10. Reliance has been placed on the judgments of Supreme Court on the issue of limitation in the cases of Consolidated Engineering Enterprises vs. Principal Secretary, Irrigation Department & Ors., reported in (2008) 7 SCC 169, Shakti Tubes Limited through Director vs. State of Bihar & Ors., reported in (2009) 1 SCC 786, Union of India vs. West Coast Paper Mills Ltd. & Anr., reported in (2004) 2 SCC 747 and Hukumdev Narain Yadav vs. Lalit Narain Mishra, reported in (1974) 2 SCC 133. On the aspect of liquidated damages the applicant/petitioner has has placed reliance on the judgments of Hon'ble the Supreme Court in the matters of J.G. Engineers Pvt. Ltd. vs. Union of India & Anr., reported in (2011) 5 SCC 758, Tulsi Narayan Garg vs. M.P. Road Development Authority, reported in 2019 SCC OnLine SC 1158 and Indian Oil Corporation vs. Lloyds Steel Industries Limited, reported in 2007 SCC OnLine Del 1169. It is submitted that the impugned order is unsustainable, therefore, it may be set aside and the relief be granted to the applicant.
11. Learned State counsel appearing for the respondents opposes the submissions made by counsel for the applicant and submits that no error has been committed by the learned Arbitration Tribunal of Chhattisgarh in passing the impugned order. It has been very clearly observed in the impugned order that the applicant was not entitled for any extension of time, because of time spent litigating before the High Court and the Supreme Court, under the provisions of the Limitation Act, 1963 and reliance was placed on the judgment of this Court in the case of Shashikant Agrawal vs. State of Chhattisgarh and Ors. in Civil Revision No.128 of 2015. The applicant had been pursuing for reliefs before the High Court and the Supreme Court despite being aware of the clause 24 of the Agreement, that the applicant had the remedy to resort to the arbitration proceeding in dispute, therefore, Section 14 of the Limitation Act, 1963 cannot be invoked in such a case.
12. Replying to the arguments on merits of the case, it is submitted that the extension was granted to the applicant time to time for completion of work under the Contract Agreement. It is also submitted that the applicant firm itself had given a notice to the respondents on 30.8.2012 vide (Annexure-A/35) making a statement of his complaints, seeking resolution of the dispute within 15 days and subsequent to that, the applicant was required to proceed with suitable action by invoking the provisions of arbitration as per clause 25 of the General Conditions of Contract. Despite the issuance of notice by the applicant, he has not acted upon the same and not proceeded to make a reference to the Arbitration Tribunal which again shows that the act of the applicant was deliberate for not approaching the Arbitration Tribunal, having knowledge that there is a limitation prescribed for approaching the Arbitration Tribunal. The applicant has not acted in good faith and with due diligence. Section 29 of the Limitation Act is not applicable to the Chhattisgarh Madhyastham Adhikaran Adhiniyam, 1983.
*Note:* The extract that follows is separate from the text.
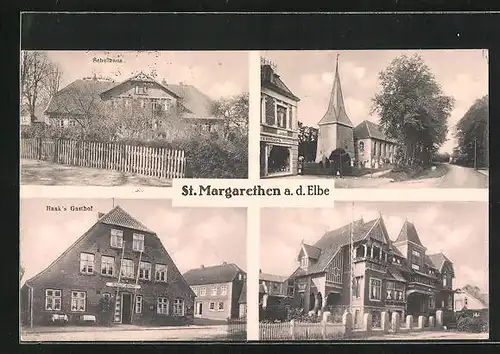 AK St. Margarethen /Elbe, Haak`s Gasthof, Strassenpartie mit Kirche, Schulhaus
13. It is submitted by the State counsel, that the request letter submitted by the applicant praying for extension specifically (Annexure-A/9) shows that there was a dispute regarding 1300 meters of land only, therefore, there was no hindrance in completing the work of the said road i.e. Tendu-Kahri Road even then, the applicant preferred to delay the construction itself. The portion of the road of 1300 meters could have been completed within the stretch of two days after the resolution of dispute, therefore, the delay in construction of road appears to be deliberate and the order for levying the liquidated damages is reasonable.
14. Relying on the judgment of Supreme Court in the case of Kailash Nath Associates vs. Delhi Development Authority & Anr., reported in (2015) 4 SCC 136, it is submitted that it is a clear case of non-performance by the applicant, which has caused delay in completion of work, therefore, according to clause 44 of the Agreement, the applicant has been rightly held liable, the impugned order needs no interference and the same is sustainable. Hence, the civil revision be dismissed.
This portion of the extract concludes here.